Linda Castelli: We're part of the, I can't even remember the name of it, but Florida has mandated that we all reply to the database requests when they, updating all of our access, I mean, all of our systems. Make sure that we have our helicopter available. How many beds we have available, how many ICU beds. How many pediatric beds. All the different levels of care. Our security, one of the security folks who's responsible for maintaining that communication with the state of Florida, solely utilizes TeleTracking to get the answers for the questions that are in their database. So all of the census information, it just flows right over. We've created of spreadsheet. They just go in, plug in the numbers, get sent to him on a timely, so he can report it to the state. I can foresee at some point we will have an actual interface between TeleTracking and the state. And we will just hit a button and we won't have to do any calculating. So that's what I see for the future.
Luann Tirelli: I hope so, too.
Linda Castelli: Me, too.
Interviewer: I hope so, too.
Luann Tirelli: And I think our organization sees for the future that we need to remain partners in patient population management so much so that when we do have a hurricane, Linda's team and my team, we have to relocate to an area that's safe. When we first started this going back, I think it was about 2013, 14, they said to my department, "Oh, we're just going to close the eICU." And I think you guys went to a skeleton crew, just one or two people here and there.
Linda Castelli: At Holmes, at our big tertiary facility, which was a nightmare.
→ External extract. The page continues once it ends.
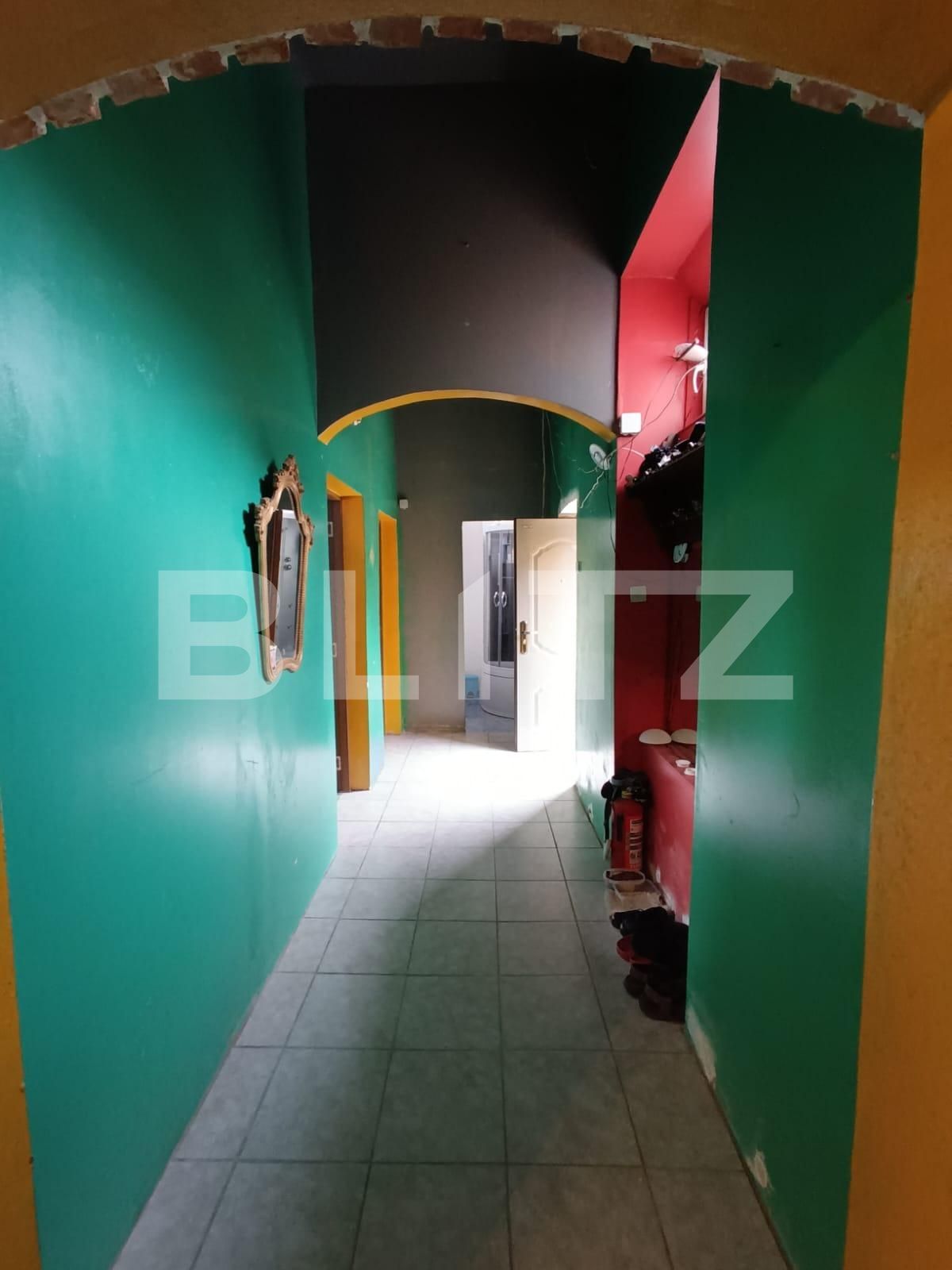 Casa de vânzare 3 camere Semicentral - 119817CV | BLITZ Timișoara | Poza2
Luann Tirelli: And within, I think, it wasn't even 24 hours, we were just coming out of the disaster period. They said, "How quickly can you get your teams back and running?" So it was nice to see the value in that they missed us for that time and they understand that now. So looking into the future, they are looking to relocate us to an area where we don't have to pick up and move for hurricanes. But we've, I hate to say, have gotten quite expert at it now. But our system is trying to figure that out. Where the next role is and where we need to be as a command center in a space that we can grow into instead of grow out of.
Linda Castelli: Right.
Luann Tirelli: Because we're now growing out of what we have so far. So we're not sure where we're going, but in the future we're going somewhere.
Interviewer: Any final thoughts? Anything you'd like to add?
Linda Castelli: That's a loaded question now. I've been a TeleTracking and throughput promoter from literally day one because like I said, we had pieces of paper everywhere. But TeleTracking to me has met every single challenge. Every time we asked them for something, they not only have responded, they have come up with even more for us to move together in the future. So partnering with TeleTracking, I think, has been the key to our success in the last 15 years of decreasing those wait times. Improving the communication. When we first went live, the nurses on the floor wanted nothing to do with it. We had a downtime a few years ago. They didn't know how to act without their TeleTracking.
Speaker 1: It's just ingrained in the culture now.
Linda Castelli: 180 degrees opposite from that. "I don't want anything to do with it" to "Oh, my God. I can't live without it." So that is a testament to the work that you guys continue to do, improving throughput for and really improving patient care.
Luann Tirelli: And I think conferences like this are very beneficial because it allows you the ability to network. To see what's up and coming. And I go home inspired with lots of ideas-
Linda Castelli: Me, too.
Luann Tirelli: ... of how can we make it better for our organization, for our patients, for our staff. So I think there's great benefit in coming to conferences like this.